Tuesday, May 31, 2011

If your data lacks integrity you are, in a word, doomed.

Recently I ran across across a website and their related blog ( http://channelmeter.com/ & http://insidechannelmeter.wordpress.com/ ) . The company's focus is the analytical data of You Tube. Naturally with the size of You Tube the analytical data is going to be big.  So I knew this would not be a company that is just taking a few hundred names from a web form each day. I saw from  their blog posting that they use MySQL community edition 5.5. I reached out to asked them a few questions. “We are storing tens of millions of rows of data, and adding millions more every day.” – Dave Storrs Co-Founder, ChannelMeter.com. To me this is showing, once again, how well a company can be built and run with an open source database and tools.
They rely on the default InnoDB storage engine in MySQL because of the ACID compliance and data integrity it offered them. This being supported by the use of transactions and foreign keys. “If your data lacks integrity you are, in a word, doomed.”– Dave Storrs. The tradeoff, if any, for this stability was speed. They can still address some speed issues with faster machines, indexes and additional use of caching. They currently have plans to utilize a 10 minute caching timeout and deploy Varnish. 
As with any start up, they have run across a few issues. The rapid growth of their data has required them to evaluate their hard drives and options of partitioning or sharding their data. They have used the MySQL community to help them with any problems. “Whenever I encounter difficulties related to the DB, the answer is almost always to be found in the documentation or the forums.” – Dave Storrs. 
While I might be biased, I am still shocked that is it not standard to run a web server and company on a LAMP stack environment. 

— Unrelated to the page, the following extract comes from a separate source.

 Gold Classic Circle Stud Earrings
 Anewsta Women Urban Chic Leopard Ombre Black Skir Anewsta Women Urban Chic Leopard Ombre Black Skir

More information is available via their blog: http://insidechannelmeter.wordpress.com/2011/05/25/advice-to-developers-on-managing-mysql/

So the long and short of it...... Way to go open source !

Wednesday, May 18, 2011

Let the communities voice be heard....

MySQL is going to revitalize planet.mysql.com and we want to hear from you! This is a community platform and you should have a say. What would you like to see on planet.mysql.com ? Please feel free to take the poll  titled "What content do you value most on planet.mysql.com?" or respond with ideas if you do not see it listed.

Friday, May 13, 2011

Taking a look at MySQL Cluster -- and saving money in the long run

Over the last few years I have worked for few different companies that utilized versions of relayed replication with the MySQL databases. Their data handler connections where done with Java connection pooling or custom built PHP/PERL code. This allowed each company to spread the load of heavy queries and maintain a decent up time based on the load of their servers. One of the companies comes to mind often when I think of the MySQL cluster.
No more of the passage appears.